* _WORK TO BE COMPLETED_
Where the line containing "Close-up portrait of" appears, end the copy there, keeping that line; start from the first line of the entries, copy exactly, and omit pictures.

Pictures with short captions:
=====

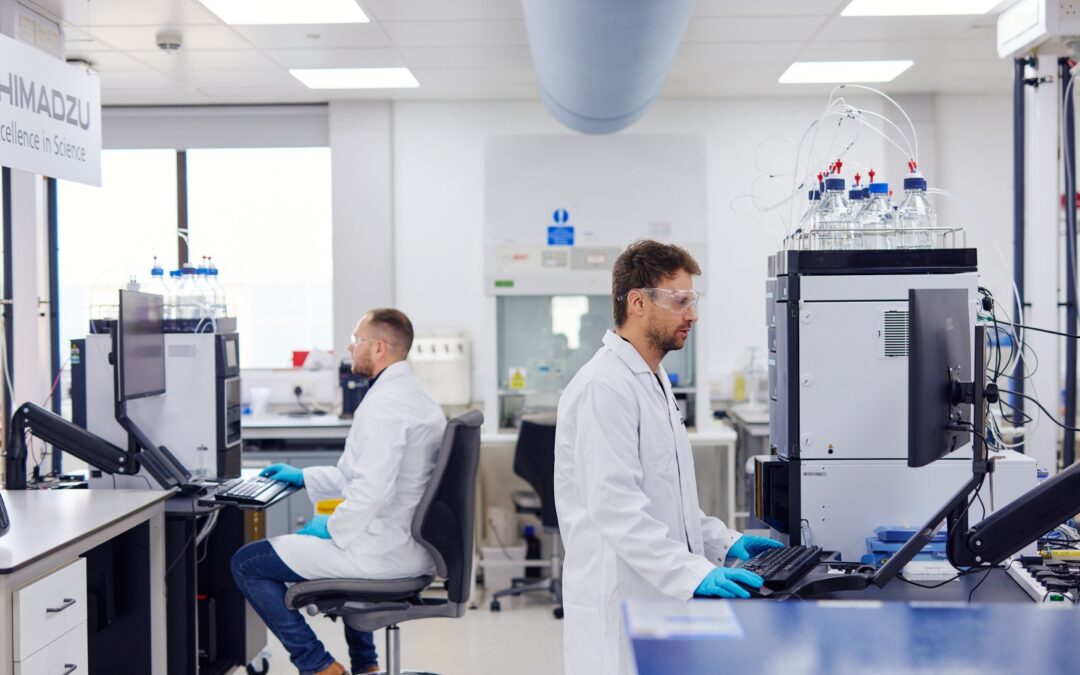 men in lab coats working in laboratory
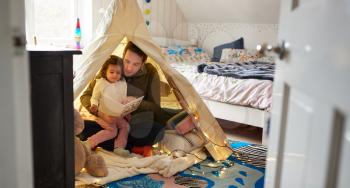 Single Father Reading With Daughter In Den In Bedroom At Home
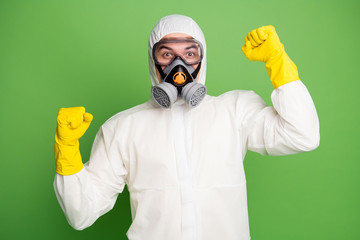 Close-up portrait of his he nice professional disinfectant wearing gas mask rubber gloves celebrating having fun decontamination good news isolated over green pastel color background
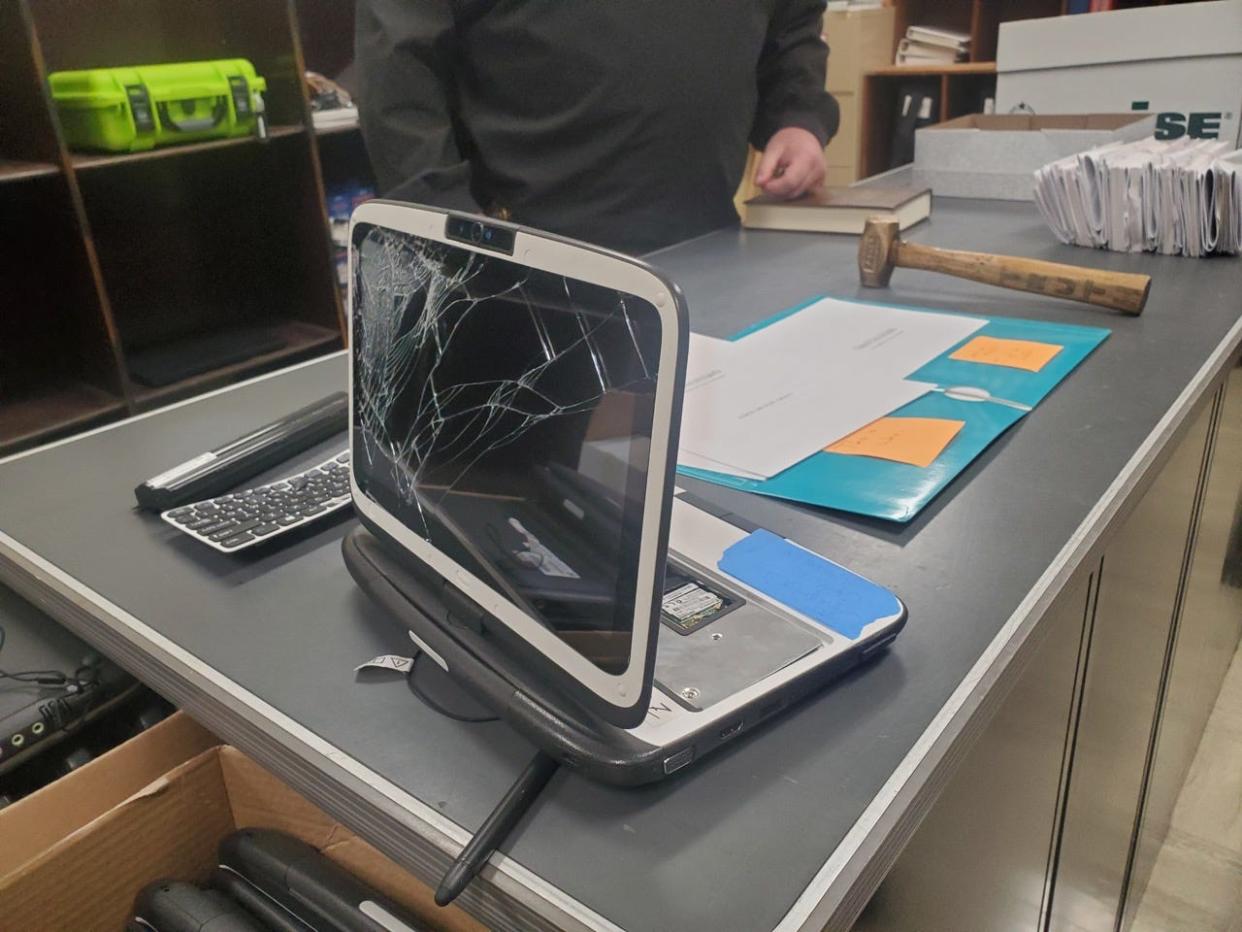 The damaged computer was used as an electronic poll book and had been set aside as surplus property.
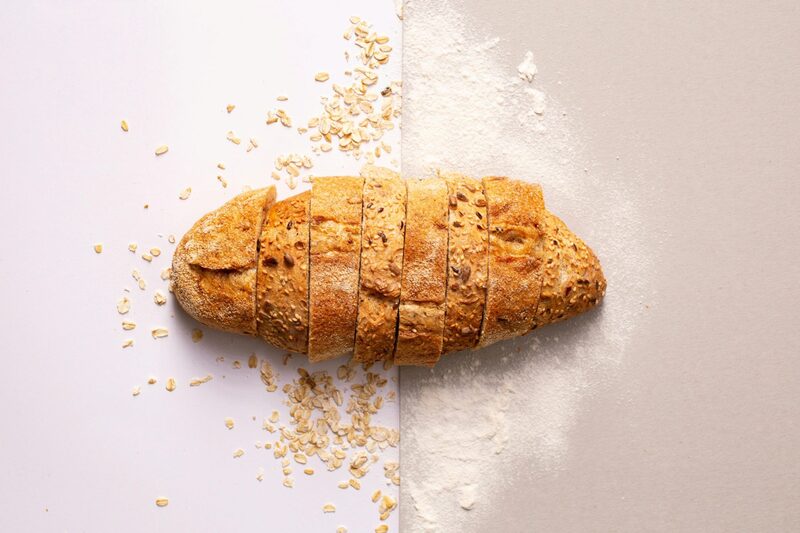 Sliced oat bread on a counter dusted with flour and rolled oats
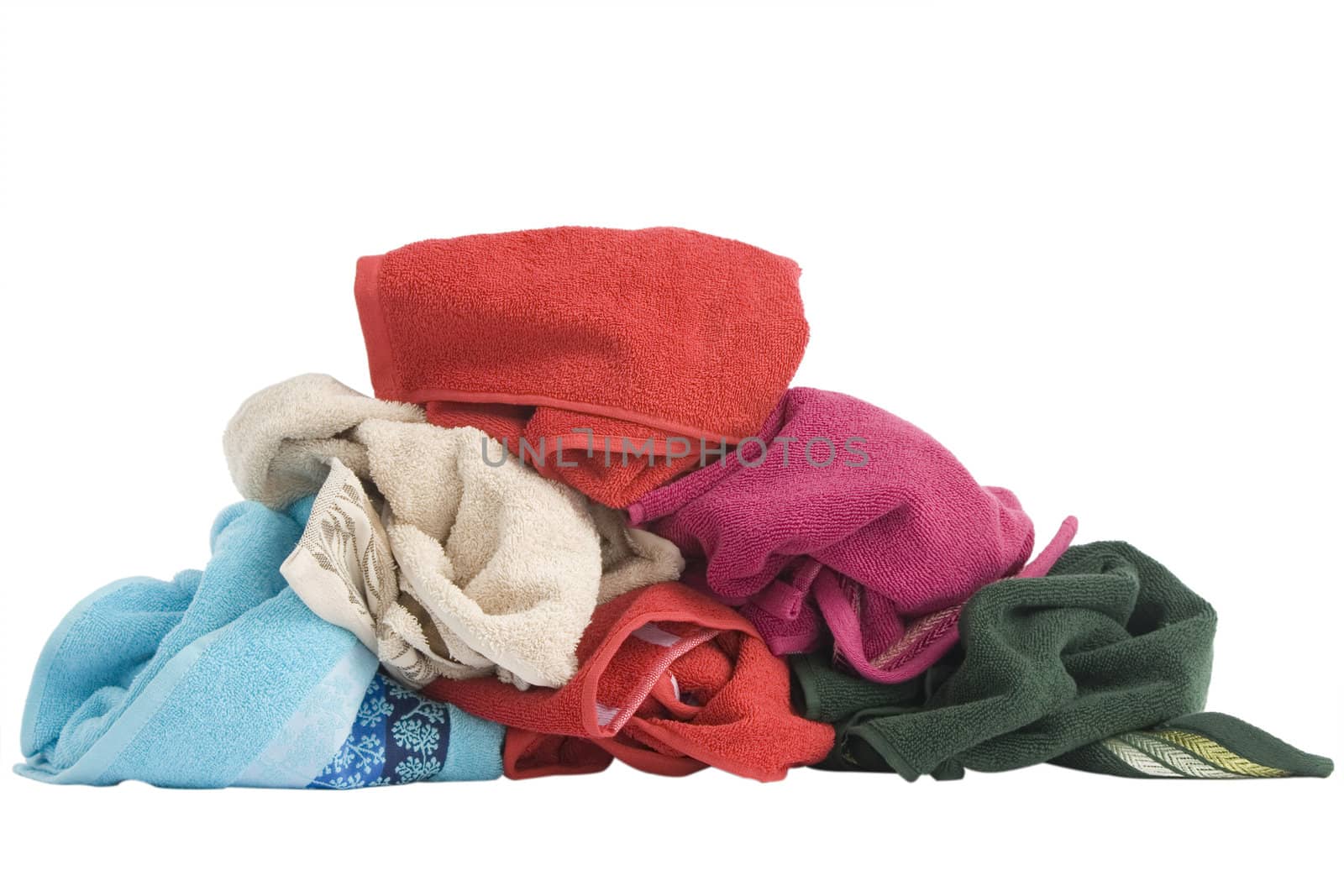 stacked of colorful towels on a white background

=====

* _WRITTEN SOLUTION_
 men in lab coats working in laboratory
 Single Father Reading With Daughter In Den In Bedroom At Home
 Close-up portrait of his he nice professional disinfectant wearing gas mask rubber gloves celebrating having fun decontamination good news isolated over green pastel color background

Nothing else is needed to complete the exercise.